* Exercise aim
Repeat all entries word for word; skip images.

________________________

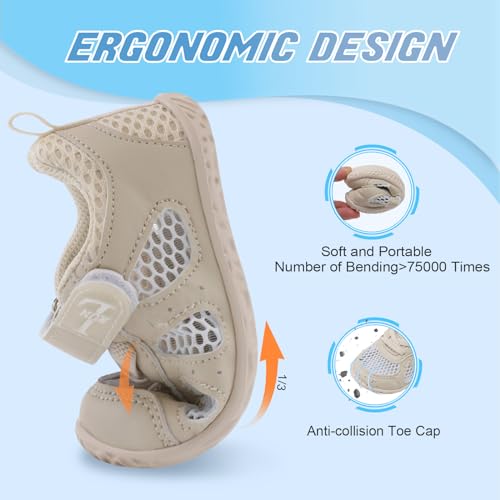 L-RUN Barefoot Kids Shoes Beige 7.5-8 Toddler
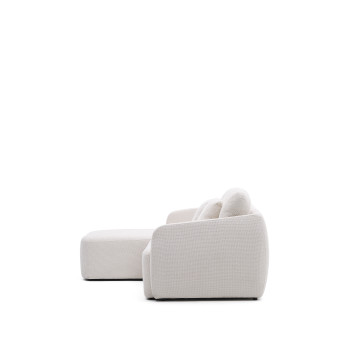 Divano letto Laira 3 posti in ciniglia con chaise longue sinistra écru 246 cm FSC Mix Credit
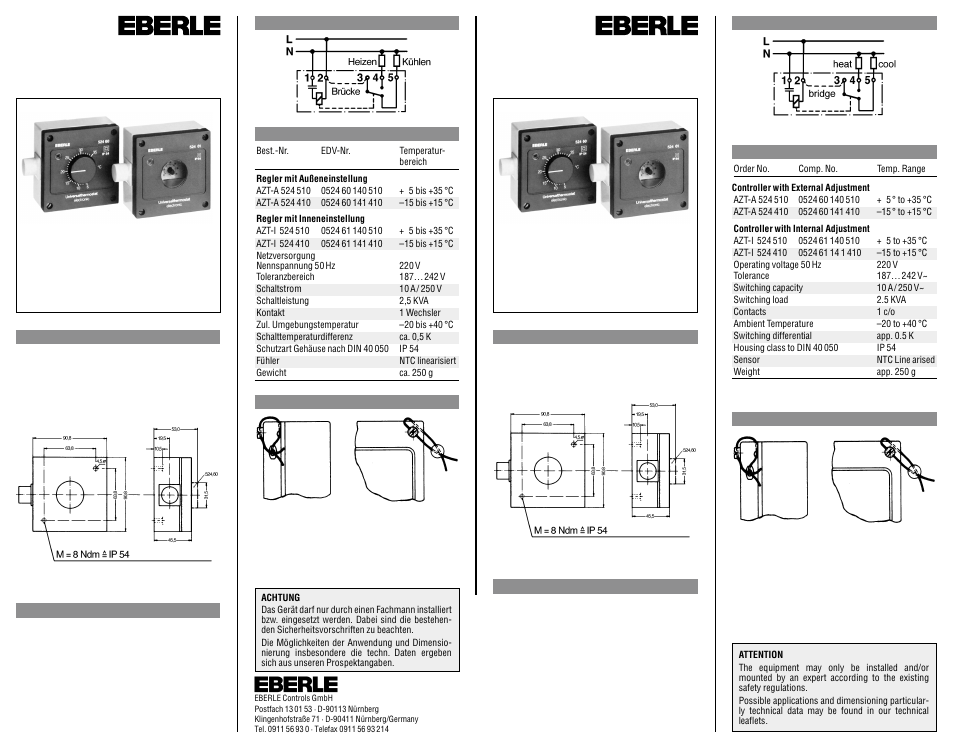 Fenix EBERLE AZT-A (AZT-I) 524 410 (510) User Manual | 2 pages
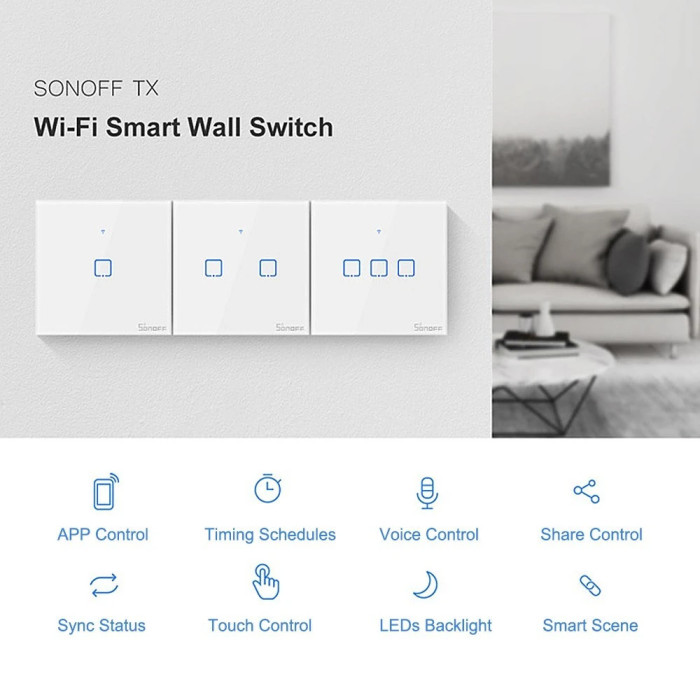 Get SONOFF T2EU3C-TX Intelligent Switch Series WIFI Wall Switch + 433Mhz at 19€ with Coupon - GEEKBUYING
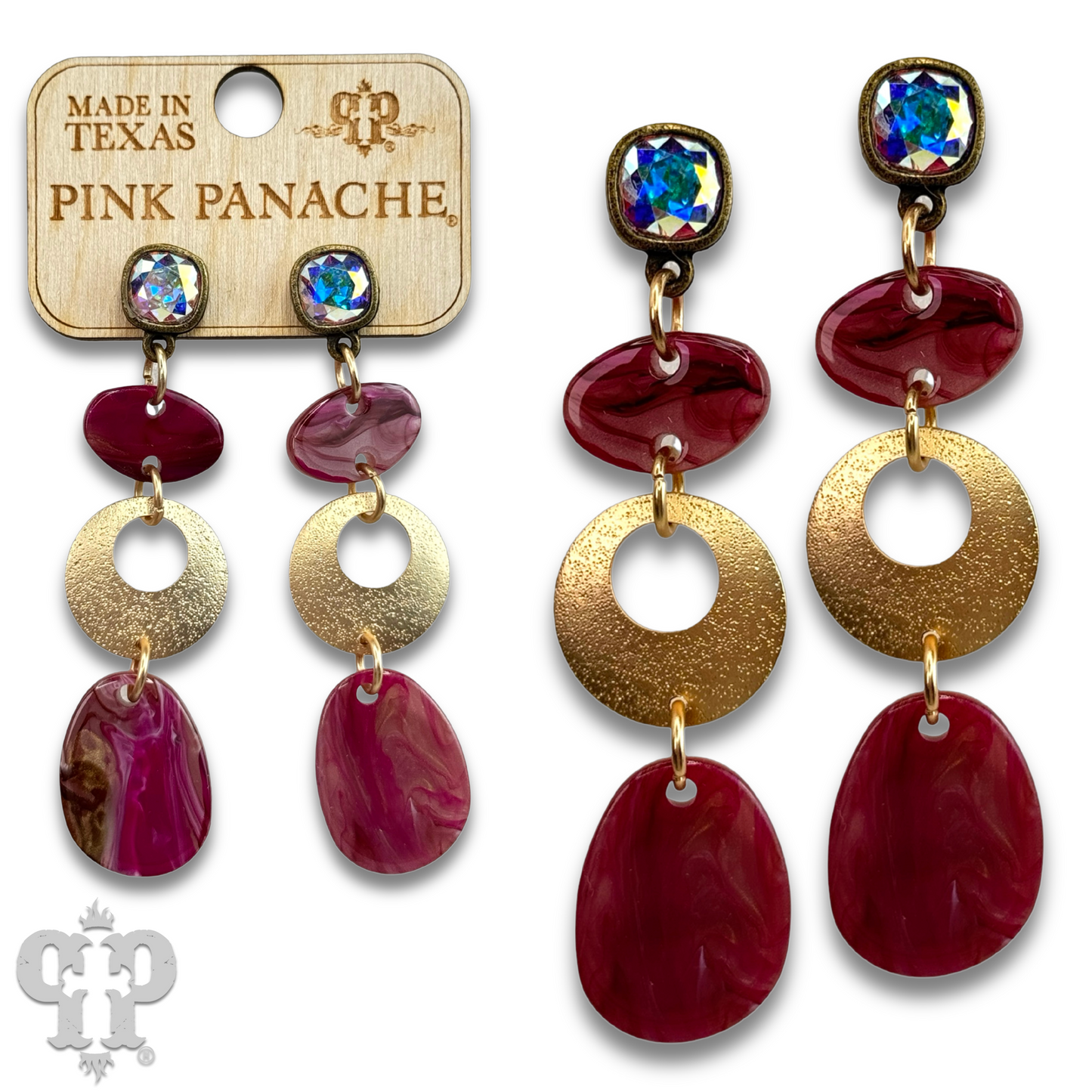 Oval acrylic swirl earring, last call
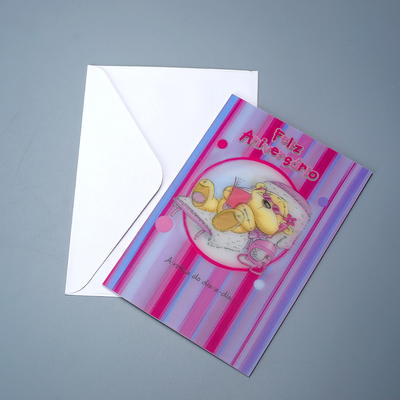 Custom 2 Bilder Flip Funny Linsen 3D Bild Grußgeschenkkarte Linsen 3D Karte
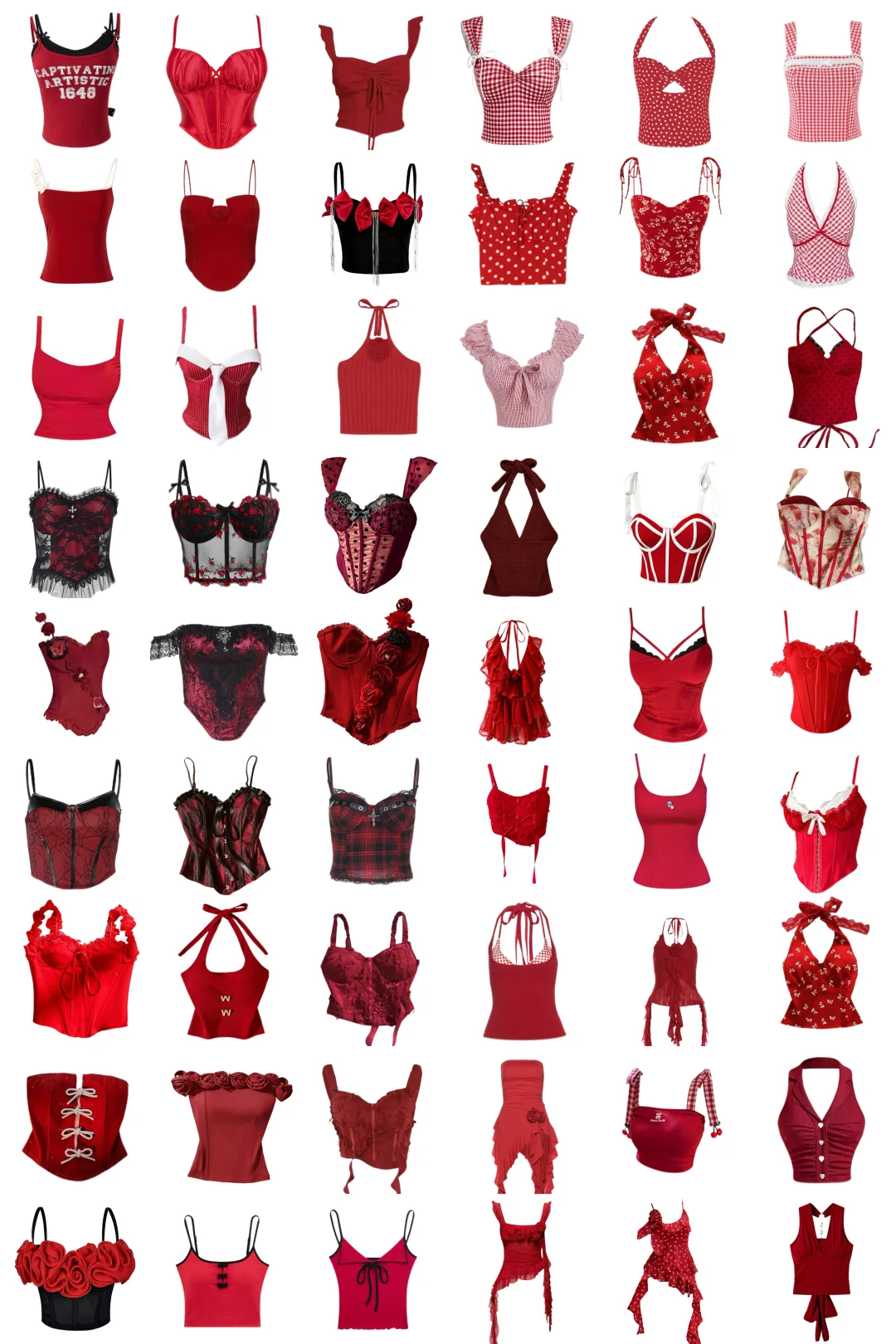 红色辣妹吊带合集❤️❤️你的电子衣橱！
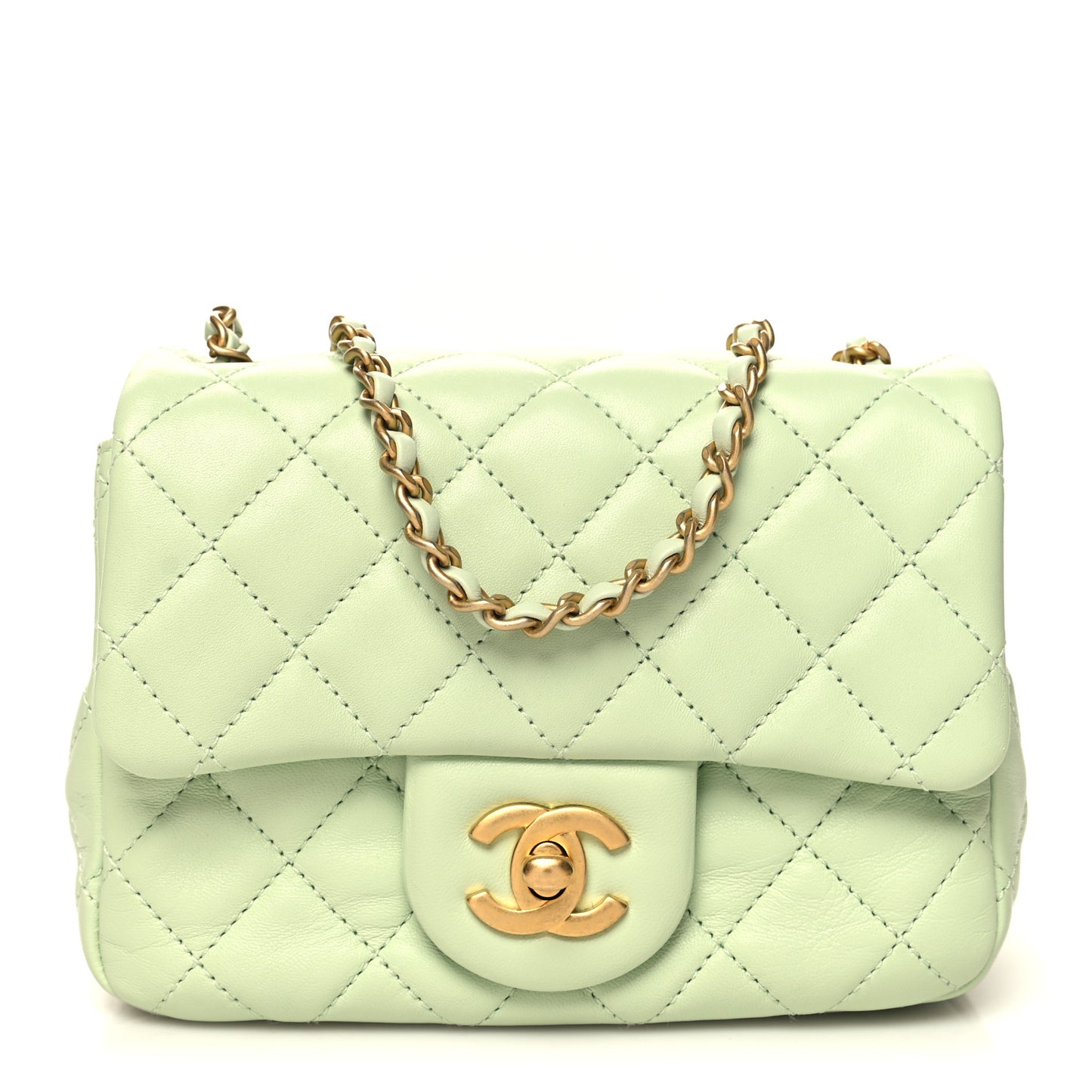 Lambskin Quilted Mini Pearl Crush Flap Light Green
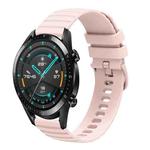 For Huawei GT2 46mm 22mm Wavy Dot Pattern Solid Color Silicone Watch Band(Pink)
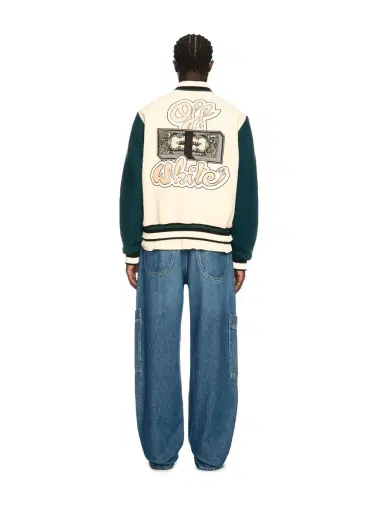 Off-White White Cash Varsity Jacket | Thumbnail 4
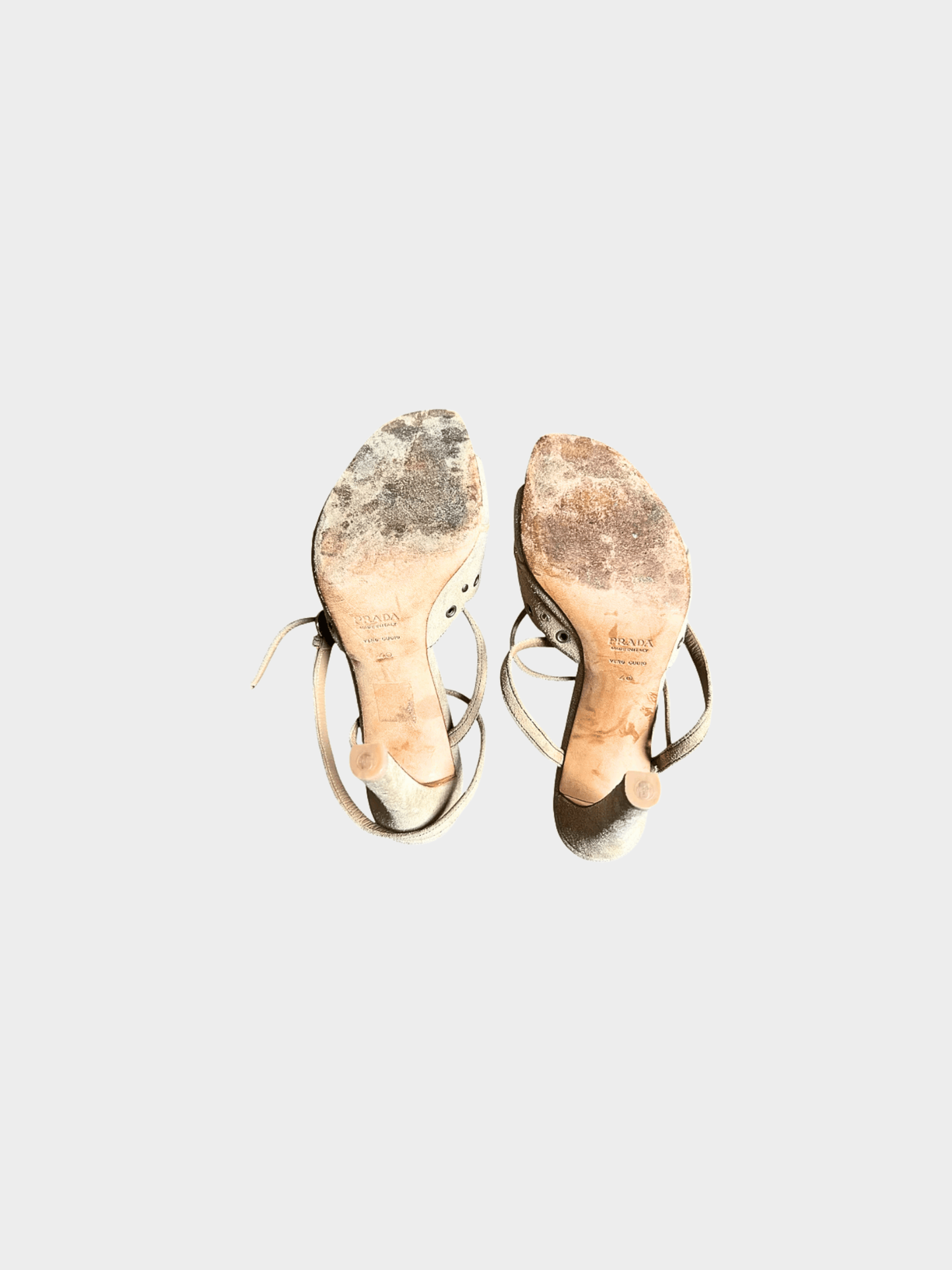 Prada 2000s Beige Suede Eyelet Strap Sandal Heel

________________________

* Output for this exercise
 L-RUN Barefoot Kids Shoes Beige 7.5-8 Toddler
 Divano letto Laira 3 posti in ciniglia con chaise longue sinistra écru 246 cm FSC Mix Credit
 Fenix EBERLE AZT-A (AZT-I) 524 410 (510) User Manual | 2 pages
 Get SONOFF T2EU3C-TX Intelligent Switch Series WIFI Wall Switch + 433Mhz at 19€ with Coupon - GEEKBUYING
 Oval acrylic swirl earring, last call
 Custom 2 Bilder Flip Funny Linsen 3D Bild Grußgeschenkkarte Linsen 3D Karte
 红色辣妹吊带合集❤️❤️你的电子衣橱！
 Lambskin Quilted Mini Pearl Crush Flap Light Green
 For Huawei GT2 46mm 22mm Wavy Dot Pattern Solid Color Silicone Watch Band(Pink)
 Off-White White Cash Varsity Jacket | Thumbnail 4
 Prada 2000s Beige Suede Eyelet Strap Sandal Heel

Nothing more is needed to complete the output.